Problems With Staying the Course
For all these reasons, leaders often believe sticking with their current state is safer than doing something different. But this thinking can result in staying a course that’s more detrimental to the business than the pain of change.
Organizational restructuring decisions are great examples of this. Merging with another company or agreeing to an acquisition have real costs, but executives often overestimate these while underestimating their current costs and pains.
Anticipated regret and blame play significant roles in executives’ decisions. A leader might have been burned by a similar organizational change. That previous failure will become visceral as they anticipate the risk of something similar happening again. In turn, they might decide against solutions that would fix crucial business problems.
Fighting Status Quo Bias
Of course, you, as the CEO, aren’t the only person with biases; other leaders on the executive team also have biases that could be clouding decision-making.
CEOs should ask their department leaders insightful questions and listen to their stories to uncover pain points. Frontline employees might not realize they’re working inefficiently or painfully, so guiding department leaders to ask similar questions of their team members can shed light on underappreciated challenges with the status quo.
Be kind to yourself and your leaders when you realize status quo bias is in play. We’re all subject to this bias for biological reasons. Acknowledge its validity. Acknowledge the fears, risks, and concerns. But also understand that something is driving you to consider a new idea. That driving force might be beyond your control or a larger threat to your success than you want to admit. But admit it you must, or your business and stakeholders could suffer.
Next, once they’ve decided to make a change, too many leaders try to enact it by focusing communication plans on all the benefits. If that’s the main point of your argument, however, it won’t work. A concept called “prospect theory“ shows that people are far more likely to accept a change if it moves them away from a bad thing than if it moves them toward a good thing. So, show employees that they’re worse off staying the same.
Outline all the risks and concerns with the status quo.
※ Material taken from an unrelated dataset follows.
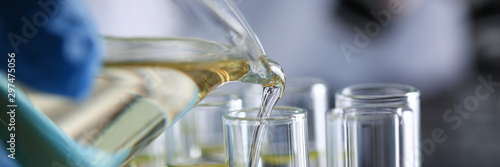 Fényképezés Yellow liquid spilled petrol additive innovative supply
Gather stories, quotes, and real examples you learned when you spoke with department leaders to unearth pains across the organization. Find the unconsidered needs — the problems or shortcomings your team doesn’t know about or think are too unimportant to solve — to get people to think differently about the problem. Make the problem real and make it tangible.
Here’s the framework to overcome status quo bias and achieve positive change:
- Identify the business goal.
- Describe what you’re currently doing to achieve that goal.
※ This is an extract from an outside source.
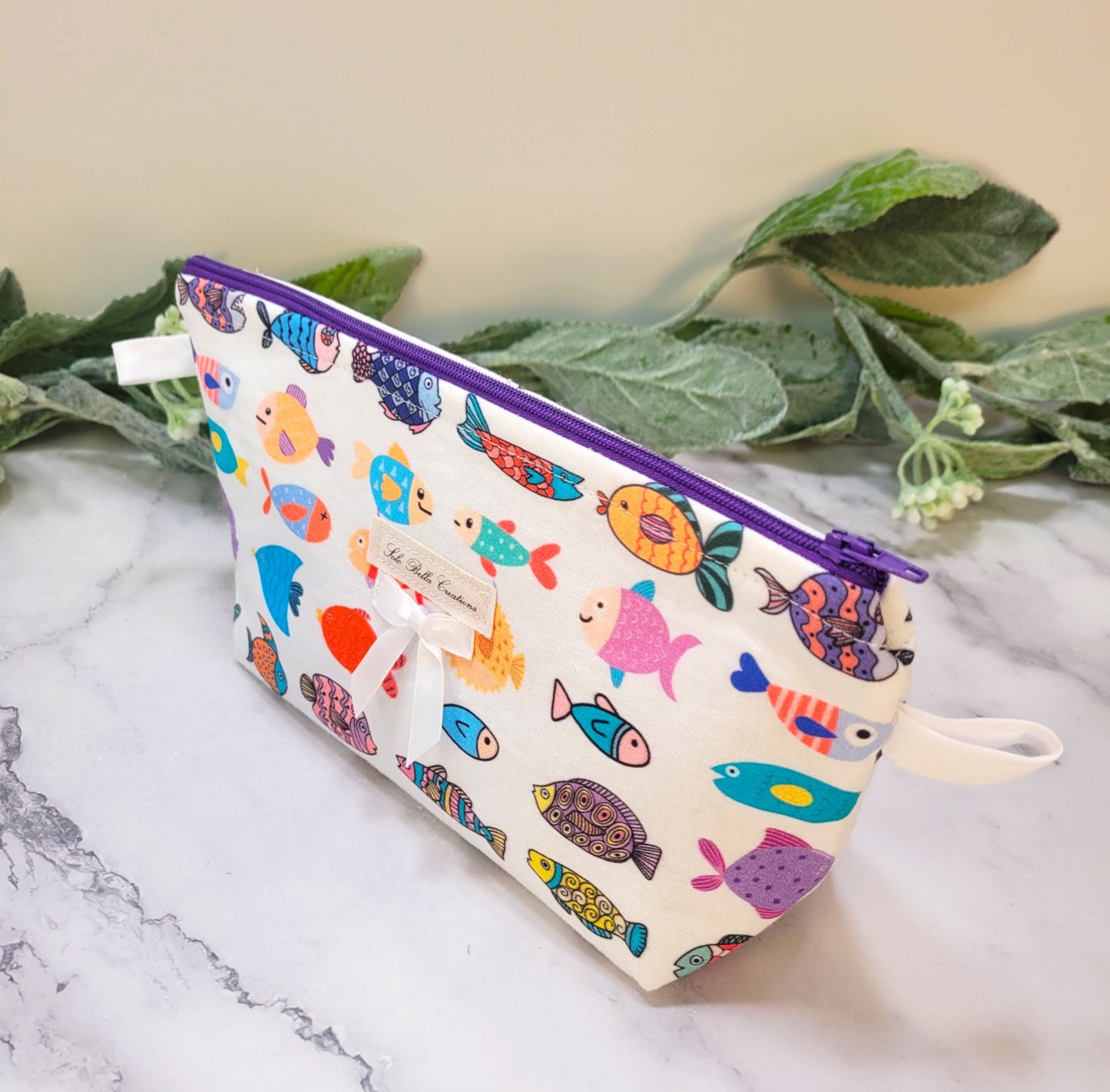 School of Fish makeup pouch, travel must-haves, cosmetic bag.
- Explain why what you’re doing today is not sustainable. Amplify the pain and consequences of sticking with the current approach to get people bought into the new approach. A great way to do this without blasting prior decisions or decision makers is to focus on the external factors that have changed — those are to blame, not the people.
- State the specific actions people need to take to do things differently and better.
- Then, and only then, describe the beneficial outcomes of making the change.
Save the benefits for the very end of your argument because that will underscore the value of the change you’ve just proposed. Using this science-backed approach to build your case for change will help you and your company move toward that necessary change. That’s how you overcome status quo bias.